Usage

Create the Extractor instance

First, you need to import the Extractor class :

from chopper.extractor import Extractor

Then you can create an Extractor instance by explicitly instantiating one or by directly using Extractor.keep() and Extractor.discard() class methods :

from chopper.extractor import Extractor

# Instantiate style
extractor = Extractor().keep('//div').discard('//a')

# Class method style
extractor = Extractor.keep('//div').discard('//a')

Add Xpath expressions

The Extractor instance allows you to chain multiple Extractor.keep() and Extractor.discard()

from chopper.extractor import Extractor

e = Extractor.keep('//div[p]').discard('//span').discard('//a').keep('strong')

Extract contents

Once your Extractor instance is created you can call the Extractor.extract() method on it. The Extractor.extract() method takes at least one argument that is the HTML to parse.

If you want to also parse CSS, pass it as the second argument.

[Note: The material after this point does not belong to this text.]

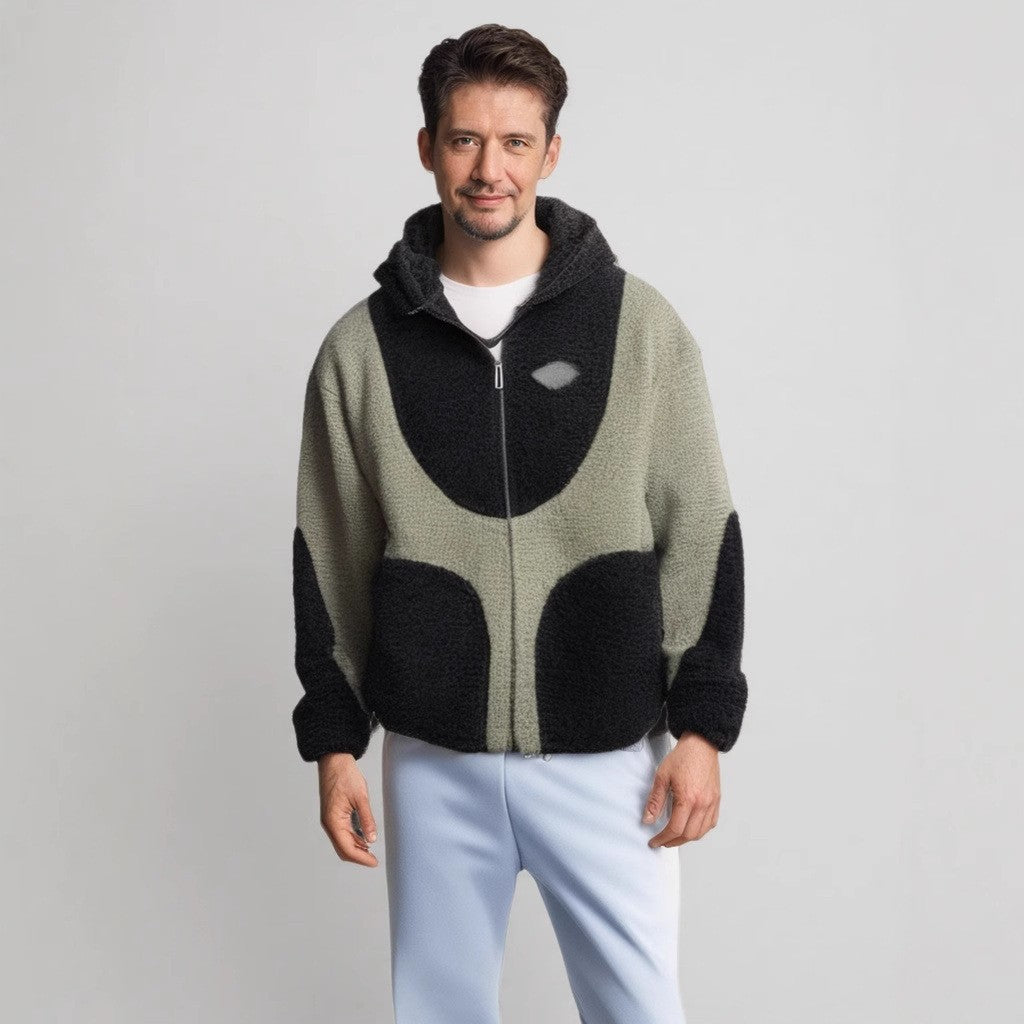 Herren Gemütliche Teddyjacke mit Kontrastnähten ModeGeist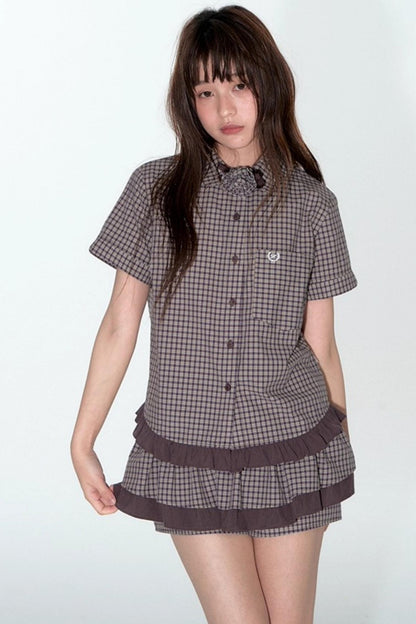 Original Plaid Doll Collar Two-Piece Set-Up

from chopper.extractor import Extractor

HTML = """
<html>
  <head>
    <title>Hello world !</title>
  </head>
  <body>
    <header>This is the header</header>
    <div>
      <p><span>Main </span>content</p>
      <a href="/">See more</a>
    </div>
    <footer>This is the footer</footer>
  </body>
</html>
"""

CSS = """
a { color: blue; }
p { color: red; }
span { border: 1px solid red; }
body { background-color: green; }
"""

# Create the Extractor
e = Extractor.keep('//div[p]').discard('//span').discard('//a')

# Parse HTML only
html = e.extract(HTML)

>>> html
"""
<html>
  <body>
    <div>
      <p>content</p>
    </div>
  </body>
</html>
"""

# Parse HTML & CSS
html, css = e.extract(HTML, CSS)

>>> html
"""
<html>
  <body>
    <div>
      <p>content</p>
    </div>
  </body>
</html>
"""

>>> css
"""
p{color:red;}
body{background-color:green;}
"""